28 mai 2011 — Washington se trouve-t-il, sous l’empire de forces hors du contrôle des forces humaines au service du Système, à un moment crucial pour ce qui concerne l’engagement militariste et interventionniste ? Une autre façon d’envisager cette question est d’observer qu’avec leur perception de communication de la “liquidation” de ben Laden, Obama et son administration peuvent avoir ouvert la fameuse boîte de Pandore ; on veut parler, notamment, de cette interprétation qui accompagne le voyage du président des USA en Europe, que nous avions mentionnée dans Ouverture libre, le 25 mai 2011, à partir d’un article de The Independent

«…“We've come through a difficult decade but in some respects we're turning a corner,” a senior White House official said last night in a preview of Mr Obama's first speech on foreign soil since the death of Osama bin Laden.» Nous avions été amené à commenter cette indication finalement très impersonnelle, et pourtant suggérée par les services de communications de la Maison-Blanche («…Mr Obama's first speech on foreign soil since the death of Osama bin Laden ») : «On observera le phrasé tout de même modeste de la révélation : “…in some respects we're turning a corner” ; ‘d’une certaine façon, nous entrons dans un monde meilleur’. La liquidation de ben Laden fait l’affaire comme signe du Ciel à cet égard…»

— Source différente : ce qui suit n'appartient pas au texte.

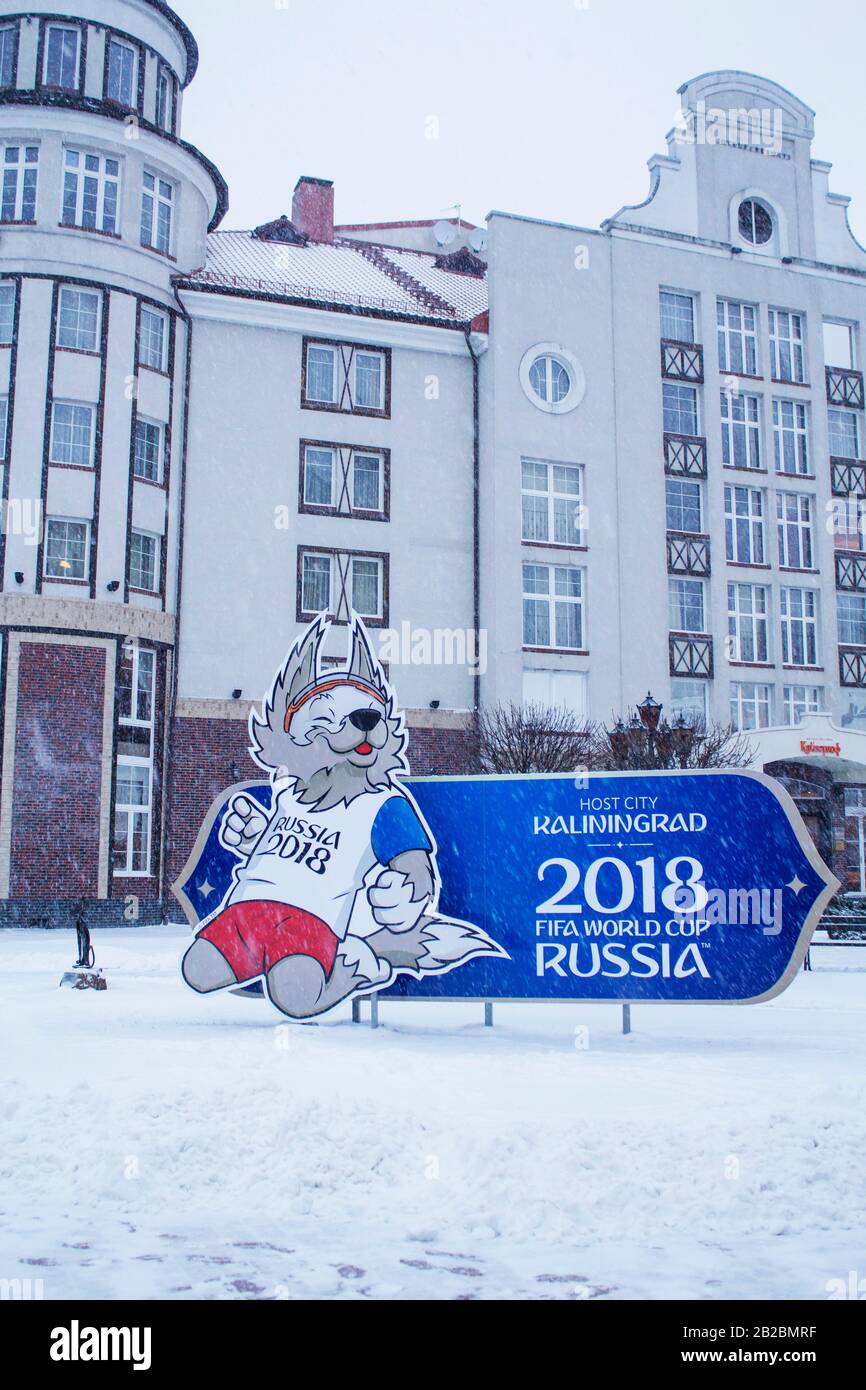 Kaliningrad , Russia-January 17, 2018: the logo of the world Cup. FIFA 2018 in Russia. Stock Photo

Nous gardons cette idée pour plus loin dans notre raisonnement, dont nous ne dissimulons pas qu’il s’appuie autant sur une approche intuitive (intuition haute) de la question que sur l’expérience et la connaissance que nous avons des mœurs politiciennes et des situations washingtoniennes. Mais il s’agit d'abord (c'est-à-dire chronologiquement) de faits, bien entendu, c’est-à-dire de signes concrets exprimant avec force une humeur différente du corps législatif US, et de la question de savoir si la manifestation de cette humeur est accidentelle ou substantielle. Nous parlons en l’espèce de la Chambre des Représentants, qui débattait du projet de loi budgétaire pour l’année fiscale 2012 du Pentagone. (Ce projet de loi sera ensuite confronté à la version du Sénat, pour aboutir à une loi du Congrès soumise à la signature du Président, avant le 1er octobre.)

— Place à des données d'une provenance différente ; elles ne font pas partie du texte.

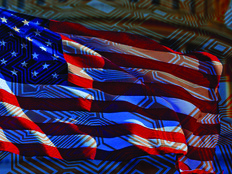 Motherboard with USA flag in the background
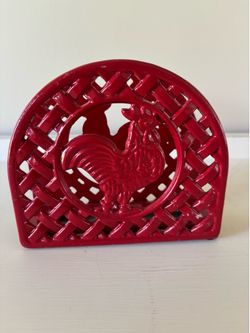 Vintage red rooster metal napkin holder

On trouvera par exemple, à ce propos :

• Le vote d’un amendement à cette loi particulièrement significatif par la puissance du vote (416 voix contre 5 !), qui interdit au président d’envoyer des forces terrestres US en Libye («…barring US ground troops, including contractors, from being sent to Libya»). Le vote est présenté par Jason Ditz, sur Antiwar.com, le 26 mai 2011. D’une façon générale, ce vote n’a pas eu d’écho médiatique remarquable, notamment dans la presse-Système, y compris spécialisée, ce qui est évidemment un signe de son importance… Par exemple, dans son article sur le vote de la loi budgétaire, Defense News du 26 mai 2011 enterre la nouvelle dans l’avant-dernier paragraphe de son rapport : «While the debate between the parties was sometimes passionate, there were moments of bipartisanship, including a vote of 416 to 5 in support of a proposal that would prohibit U.S. ground forces from operating in Libya.» Manifestement, sans consigne particulière du Système qui est lui-même pris au dépourvu, la presse-Système adopte son profil habituel : en parler le moins possible puisqu’il s’agit d’un vote hostile à une extension de la politique belliciste. Il faut aller sur un site comme Antiwar.com pour y trouver la chose à la place qu’elle mérite.

• Le même 26 mai 2011, Jim Lobe, également sur Antiwar.com, publie un article général sur les divers amendements votés ou débattus par la Chambre, allant dans le même sens du désengagement belliciste. Il est remarquable qu’un amendement demandant un calendrier impératif de retrait des forces US en Afghanistan ait subi une défaite très courte de 204 voix pour, et 215 voix contre… «The latter measure, one of dozens of proposed amendments to the 690-billion-dollar 2011 defense authorization bill, was defeated 204-215. Despite its defeat, the amendment, which is designed to press Obama to accelerate plans for the U.S. troop withdrawal that is scheduled to begin Jul. 1, got 42 more votes than a similar measure received last year.»

Lobe poursuit, en observant combien, dans cette circonstance, les démocrates sont indifférents aux consignes de la Maison-Blanche : «Although the administration opposed the amendment, all but eight Democratic lawmakers voted for it. They were joined by more than two dozen Republicans, most of whom were voted into office for the first time last November.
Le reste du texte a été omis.